To save time, the standard counter for this like of argument is to substitute a narrower definition of morality, one which is sufficiently narrow and full of arbitary restrictions derived from religion that only a follower of that religion could meet it. You may, for example, argue that it doesn't matter if someone is a charitable blood-donor, campaigner for the poor, kind, loving, polite and a perfect example of all things good - if they arn't Christian, they cant be moral. Its circular, and its pathetic logic, but it works when fed through a confirmation bias. - Suricou
- You have in fact shown that, though you believe in no God, you still have values. Not everyone will accept those values as complete, but again, you have values. Your values are even more sophisticated than those of the purely self-centered man.
- I did not ask whether man can live without God. He can, though I wouldn't advise it. Rather, I asked whether a man can live without values. I maintain that every man has some standard of value, and therefore every man lives by some moral code.--TerryHTalk 20:15, 7 May 2007 (EDT)
Reply Perhaps an athiest can live with values. But is it not possible for a man to do what has the highest utility for him. His values are not consistant this. His only purpose is survival of the fittest. Therefore he has no standard for morality. Therefore he lives without a code of morality.
- If you define morality merely as "a code of laws dictated by God," then I suppose you're right. But an Objectivist wouldn't agree with you. Objectivism says that a code of morality is any code of values that a man accepts by choice.
- So I suppose everything depends entirely on what morality is.--TerryH 13:45, 11 March 2007 (EDT)
It reflects poorly on the editors of Conservapedia to be phrasing questions using "MAN" instead of "PERSON" considering we are in the year 2007. Women are not meekly pouring their husbands scotch while their men engage in intellectual discussions on your site. I assure you, you have many women readers whom you would be advised to address should you wish to be considered a reliable and unbiased resource. —The preceding unsigned comment was added by Valerie (talk)
- "Man" in this context means "human", not "male". It's your duty to educate yourself, not to complain because others won't conform to your ignorant understanding of the word.
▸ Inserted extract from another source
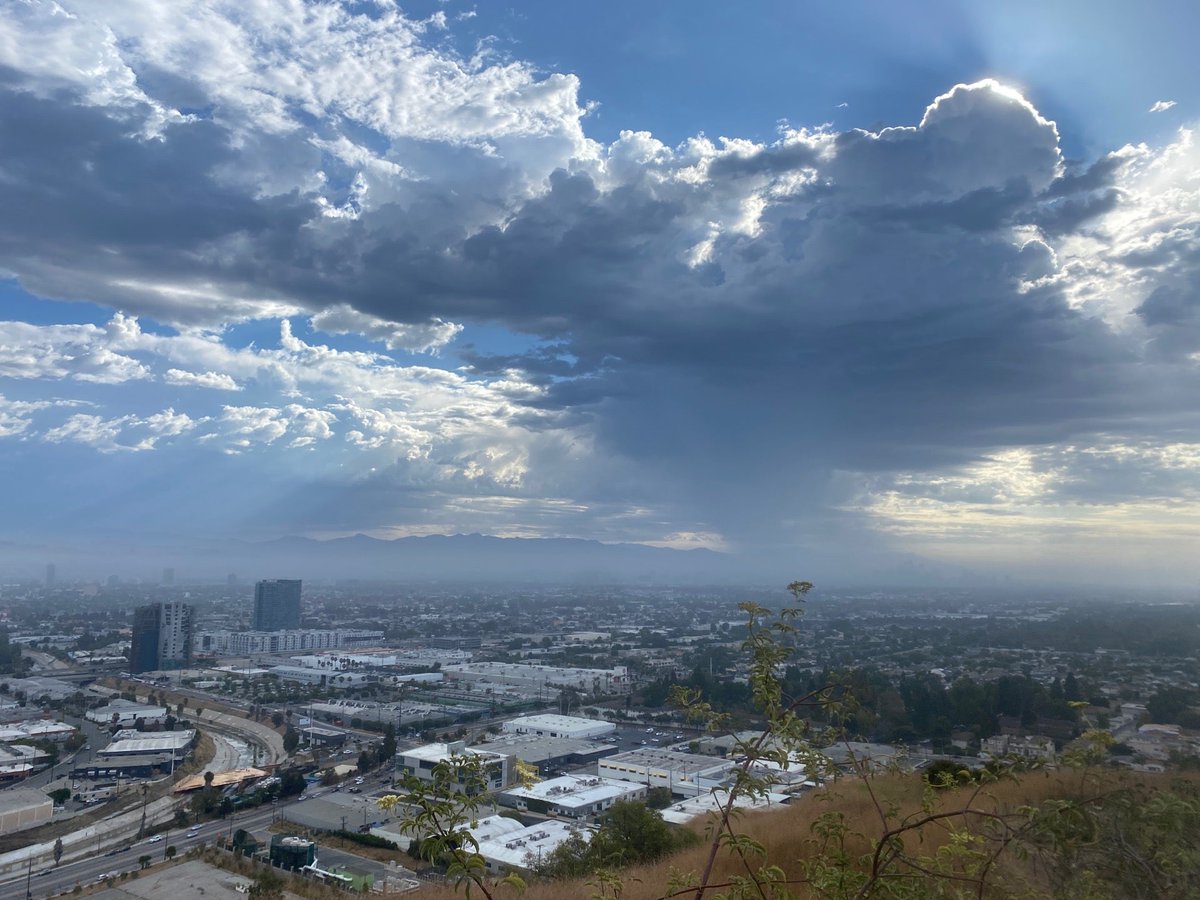 I'm at Culver City Stairs in Culver City, CA swarmapp.com/c/lv4pIg7lq8t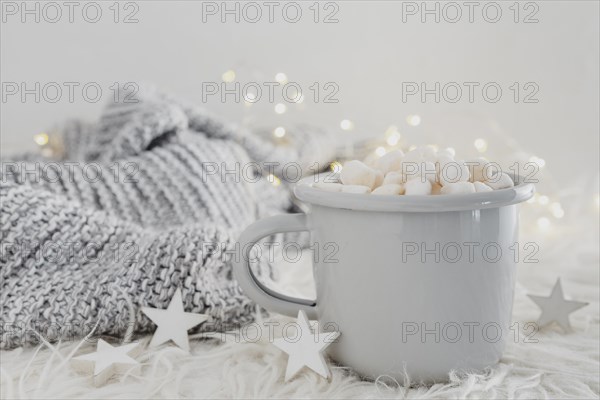 Front view hot chocolate with marshmallows pullover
- This is a separate issue, but I use man to mean "any human being." I don't hold with surrendering the common-gender contexts of certain words, for no better reason than that they are "masculine" forms. For the record, I don't believe that a woman (that is, a female) can live without morality--that is, totally without values--any more than can a man (that is, a male).--TerryH 08:37, 12 March 2007 (EDT)
Absolutely, think of all the serial killers and mass murderers that go on almost forever that seem to have no morals or real code of living. As long as there is evil in the world there will be a need for morals.--Goose 13:53, 14 March 2007 (EDT)
- But what if the serial killer's or the mass murderer's personal moral code includes killing dozens of people. Is there an absolute moral code that we all must follow? And, if so, who decides what goes on that code? --<<-David R->> 14:01, 14 March 2007 (EDT)
Yes. Just ask the president. Rellik 02:10, 15 April 2007 (EDT)
A Brief Aside
Heh heh. But that's not true; George Bush (both of them) did the best job they could, given the circumstances. What would you have done, given 9/11? Personally, I would've at least invaded Afghanistan, and I understand the concern about Iraq, though I wouldn't have nessarily made the same decisions. I don't condone (Ex) President Bush's actions, but I believe that he certainly did the best he could. --ConservatismisOK
- ``But what if the serial killer's or the mass murderer's personal moral code includes killing dozens of people.`` Historically, it often does, Dominican monks torturing and killing people during the Spanish Inquisition sincerely belived it was a moral *duty* of theirs, just as with Conquistadores slaughtering the peoples of South America. People seldom believe they are not (morally?) justified in their actions, no matter what those actions are. Marym 20:04, 14 May 2007 (EDT)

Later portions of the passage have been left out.